[[ Provided material open ]]

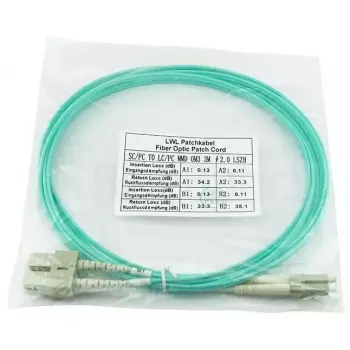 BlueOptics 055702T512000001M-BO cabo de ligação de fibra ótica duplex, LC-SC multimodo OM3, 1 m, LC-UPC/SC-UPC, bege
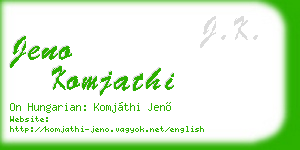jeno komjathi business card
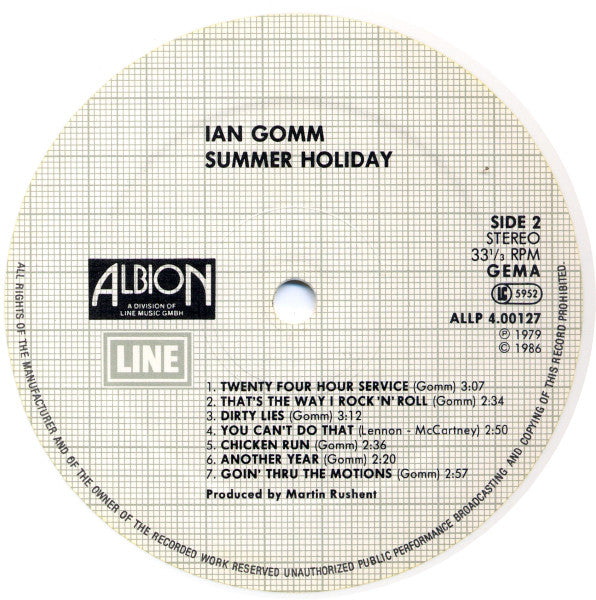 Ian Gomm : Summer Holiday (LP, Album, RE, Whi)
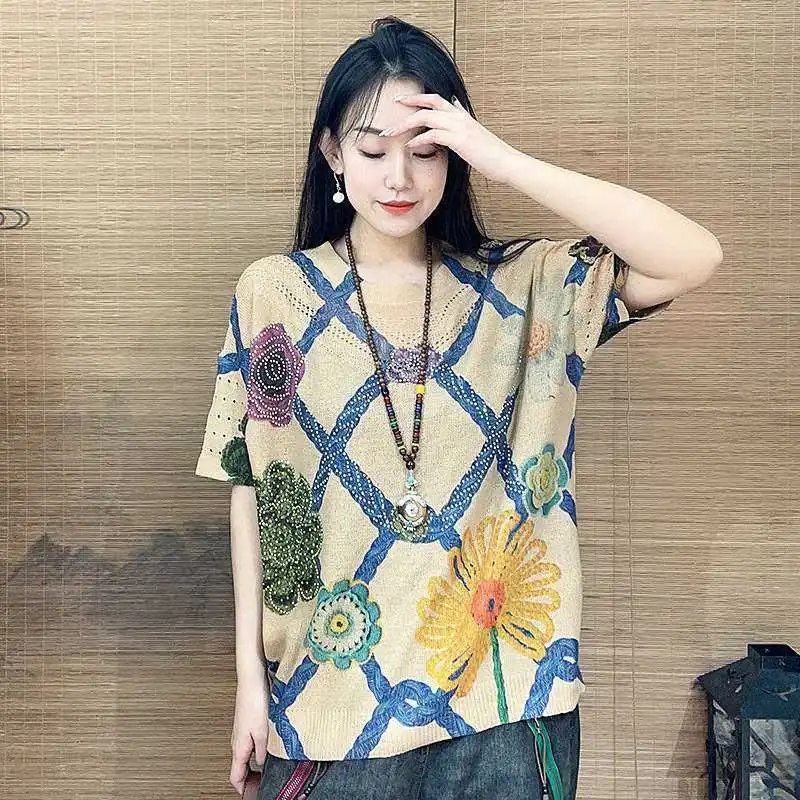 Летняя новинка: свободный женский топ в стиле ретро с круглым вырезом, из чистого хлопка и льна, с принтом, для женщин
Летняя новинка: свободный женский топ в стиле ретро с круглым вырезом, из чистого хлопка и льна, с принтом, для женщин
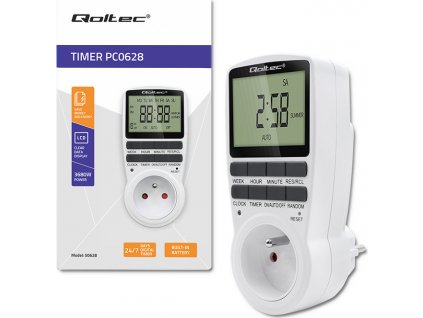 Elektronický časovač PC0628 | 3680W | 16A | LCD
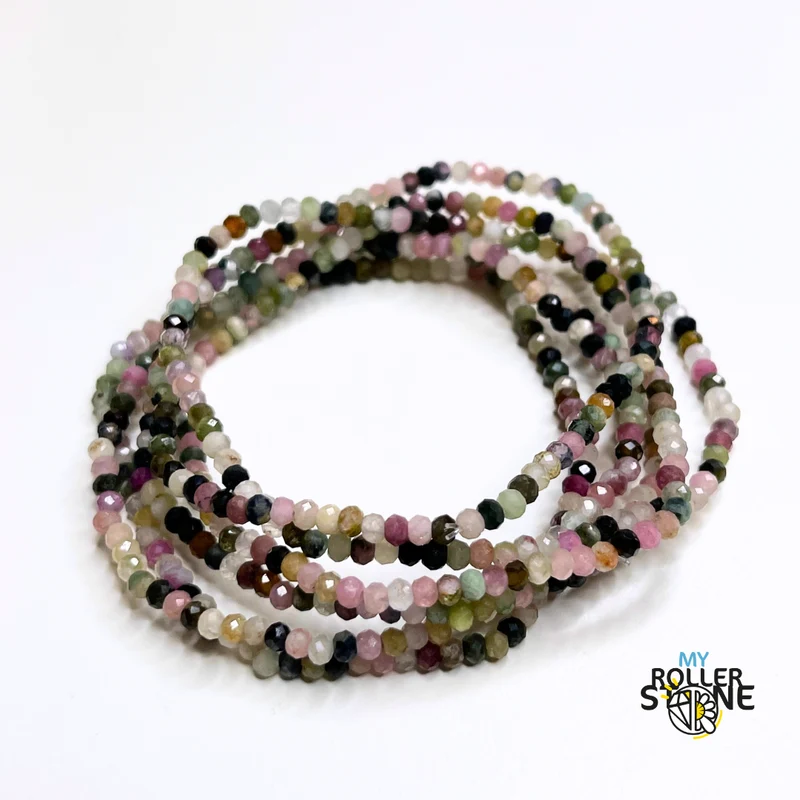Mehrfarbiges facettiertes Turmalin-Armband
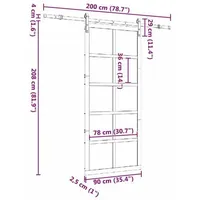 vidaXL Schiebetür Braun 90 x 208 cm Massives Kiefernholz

[[ Provided material closed ]]
[[ Provided material open ]]

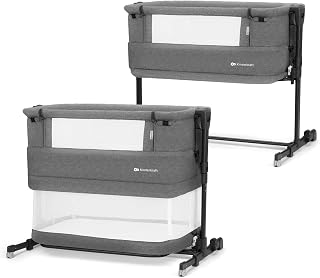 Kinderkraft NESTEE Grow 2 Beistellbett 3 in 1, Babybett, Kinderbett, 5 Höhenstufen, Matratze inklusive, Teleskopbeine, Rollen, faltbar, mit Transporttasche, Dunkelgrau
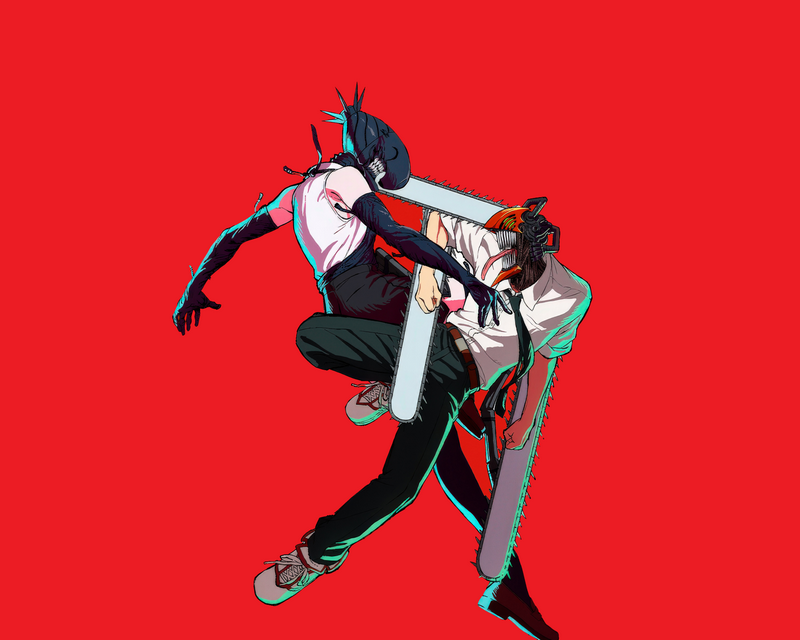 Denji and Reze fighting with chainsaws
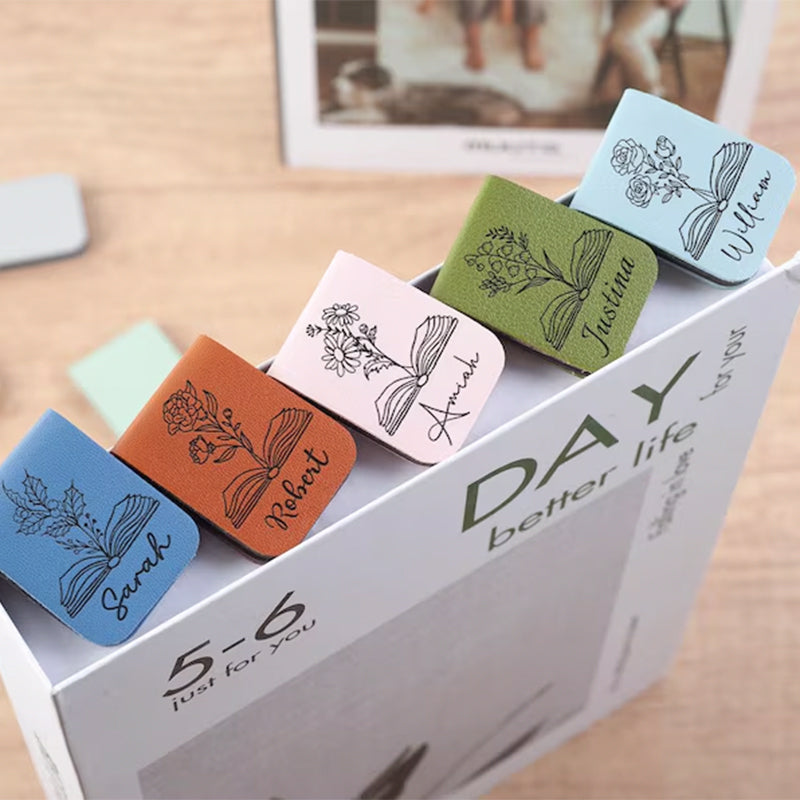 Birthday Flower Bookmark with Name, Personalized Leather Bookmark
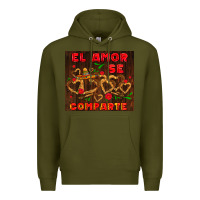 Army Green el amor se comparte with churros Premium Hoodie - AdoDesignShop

[[ Provided material closed ]]

• Your goal: Copy out the lines above from the line containing "BlueOptics 055702T512000001M-BO cabo" through the line containing "Ian Gomm : Summer", exactly, and keep the pictures out.

• Exercise response:
 BlueOptics 055702T512000001M-BO cabo de ligação de fibra ótica duplex, LC-SC multimodo OM3, 1 m, LC-UPC/SC-UPC, bege
jeno komjathi business card
 Ian Gomm : Summer Holiday (LP, Album, RE, Whi)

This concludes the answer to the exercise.